__DATA RECORDS__:
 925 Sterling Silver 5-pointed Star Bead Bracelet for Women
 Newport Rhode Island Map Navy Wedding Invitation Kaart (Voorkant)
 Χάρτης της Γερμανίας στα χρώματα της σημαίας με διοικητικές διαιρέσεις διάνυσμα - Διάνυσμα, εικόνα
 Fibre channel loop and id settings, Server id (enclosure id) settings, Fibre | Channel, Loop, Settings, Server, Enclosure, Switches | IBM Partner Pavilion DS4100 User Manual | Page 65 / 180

* * *

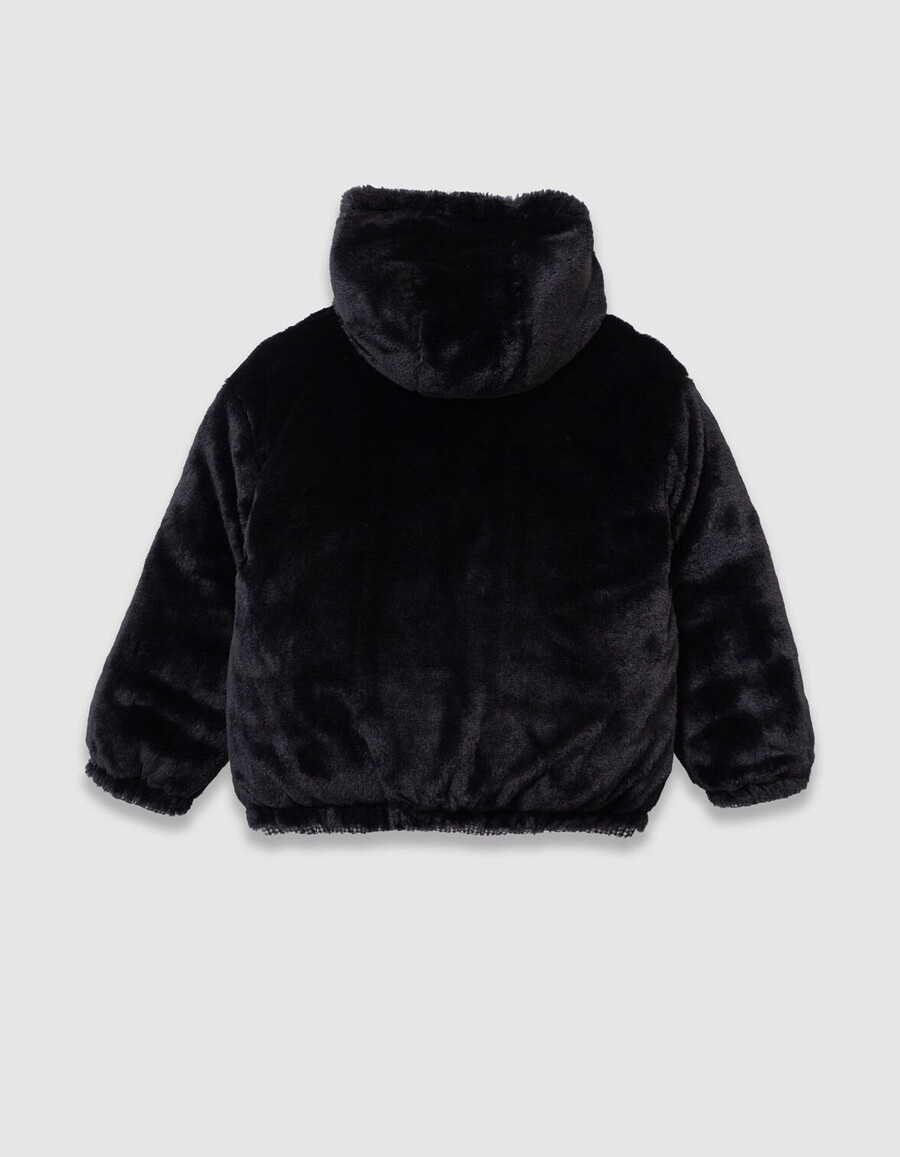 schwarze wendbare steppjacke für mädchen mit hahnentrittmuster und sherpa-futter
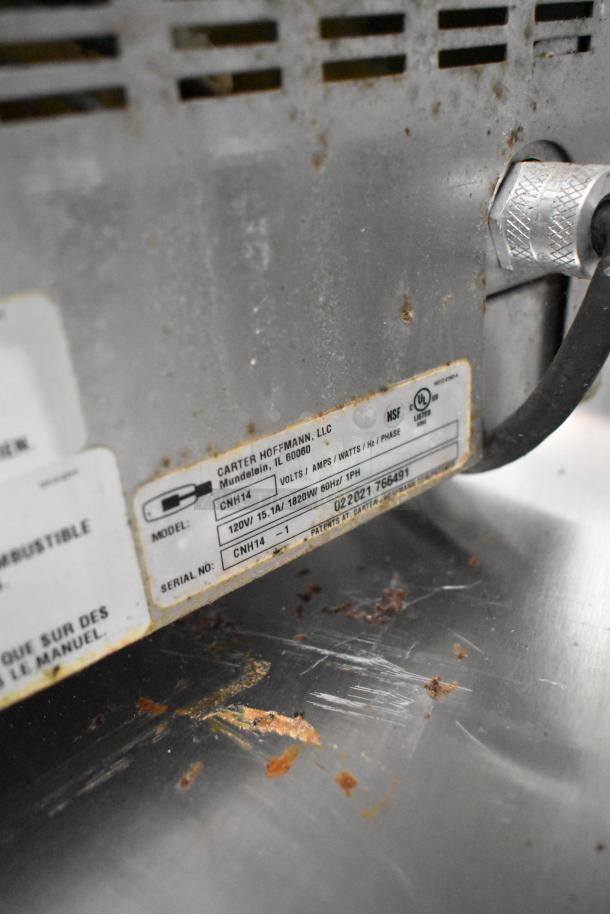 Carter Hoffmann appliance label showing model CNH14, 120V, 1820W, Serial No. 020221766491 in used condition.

__TASK DIRECTIONS__: Repeat, character for character, the lines of the material above from the line with "Newport Rhode Island" through the line with "Fibre channel loop".

__TASK ANSWER__:
 Newport Rhode Island Map Navy Wedding Invitation Kaart (Voorkant)
 Χάρτης της Γερμανίας στα χρώματα της σημαίας με διοικητικές διαιρέσεις διάνυσμα - Διάνυσμα, εικόνα
 Fibre channel loop and id settings, Server id (enclosure id) settings, Fibre | Channel, Loop, Settings, Server, Enclosure, Switches | IBM Partner Pavilion DS4100 User Manual | Page 65 / 180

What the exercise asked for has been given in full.